Four out of five dentists will tell you that “Come On” is bad for your teeth. There are certainly guilty pleasures here. “Rest Assured” and “Down About It” are great, brisk guitar rockers. “I’ll Do It Anyway” is a giddy pop trifle that Dando originally wrote for Belinda Carlisle (she declined, but sings backup here). Dando has an easy, bedroom voice–he doesn’t sing as much as whisper in your ear–but he’s capable of extreme lapses in judgment. “The jello Fund” is a 15-minute suite: fake jazz piano, Hendrix-style guitar noodling and studio outtakes interspersed with eight minutes of dead silence.
In interviews Dando has spoken movingly about his parents’ knotty divorce, as well as about his continued bouts with sleepwalking and night terrors. But what we get here is not substance, but “Style”: Don’t wanna get stoned, don’t wanna get stoned, but I don’t wanna not get stoned. The cri de coeur of Generation X, or a load of crap? Your call. At his best, Dando seems like a canny, tuneful songwriter with his ears open to all sorts of influences: punk, pop, country. At his worst, he just seems lazy. ln the press materials for “Come On,” he says, “‘Style’ was written in five minutes as a joint went around.” Geez, really?
The Whigs’ new album, “Gentlemen,” is not exactly a drug-free zone. in fact, singer Dulli makes his intentions clear on the title track: Unlock the cabinet…I’ll take whatever you got. With “Gentlemen,” the Cincinnatibased Whigs deliver a venomous, meticulously crafted variation on the theme of Breaking Up Is Hard to Do. Dulli’s grainy voice sounds positively ghoulish. And, unless you’re in the mood for subtlety, his lyrics have a sinister honesty: The victim doesn’t want it to end/Good. I get to dress up and play the assassin again…If I inflict the pain, then baby only I can comfort you. “Gentlemen” might not be autobiographical, but now that it’s out Dulli may have a hard time getting dates.

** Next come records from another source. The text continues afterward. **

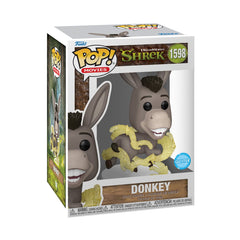 Funko Pop Shrek 30th Anniversary Donkey 1598 Vinyl Figure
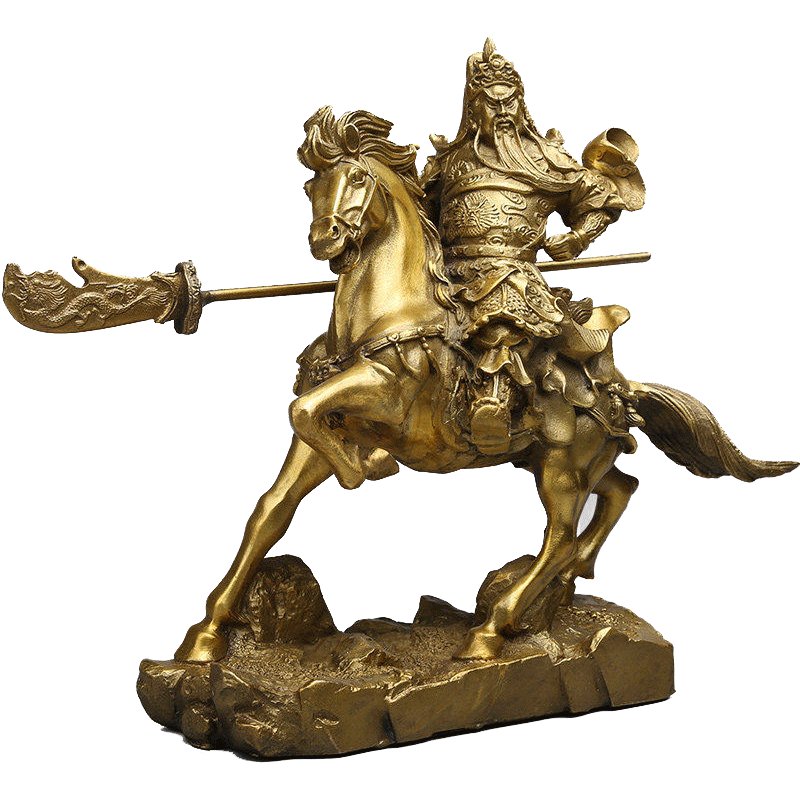 鼎风阁 黄铜封侯拜相象象上封侯摆件办公室客厅装饰工艺礼品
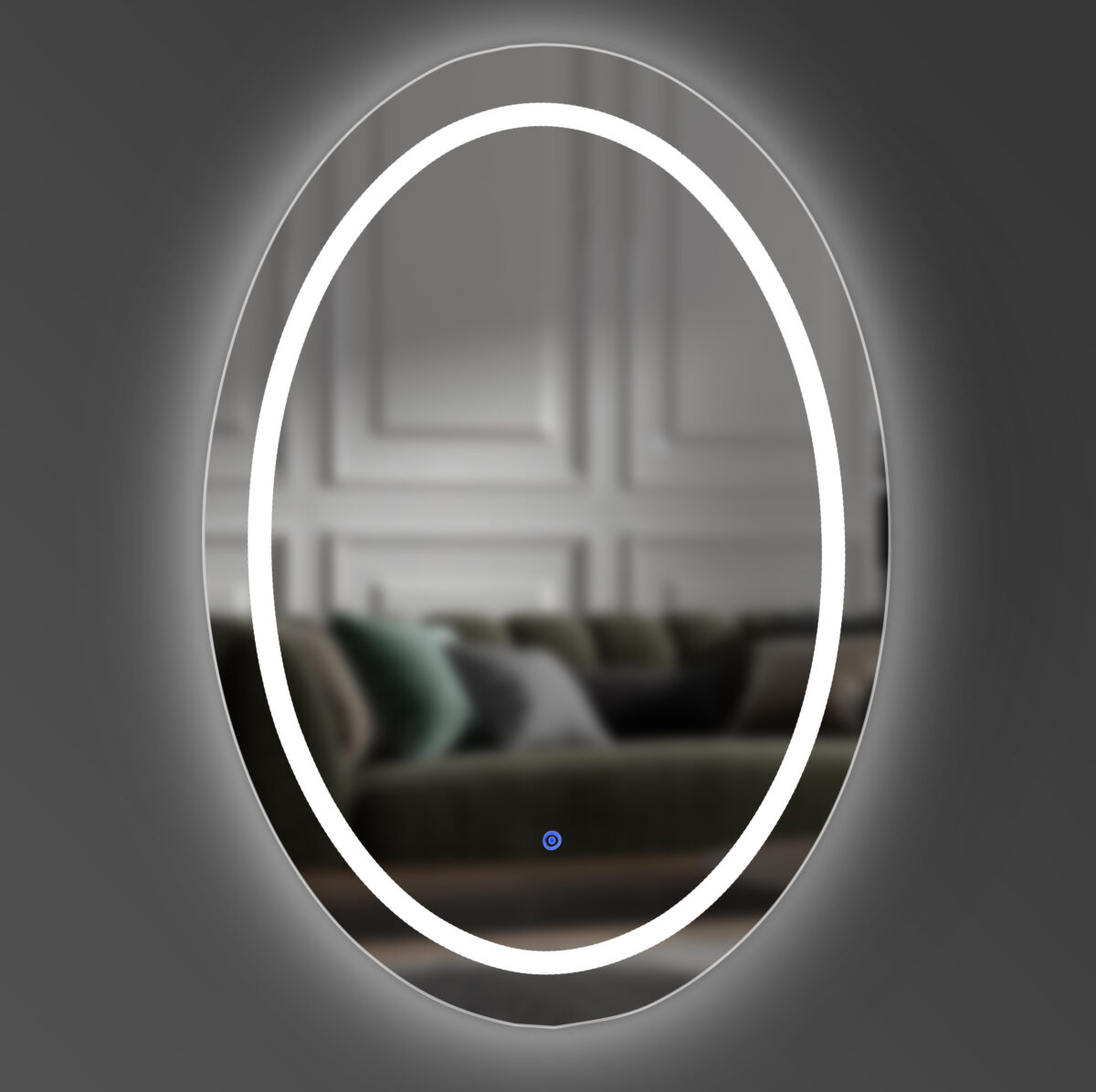 LED Oval mirror Evolution One - Image 1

So Dulli’s no alterna-hunk. Still, just when you tire of the prickly, distorted guitars, he and the Whigs know enough to offer piano and cello. just when you think he has wrung all the drunken, violent weirdness out of love, he sings “I Keep Coming Back,” an old soul tune that suddenly sounds creepy and masochistic. The Lemonheads have stuck to the map, but the Afghan Whigs have ventured into parts unknown.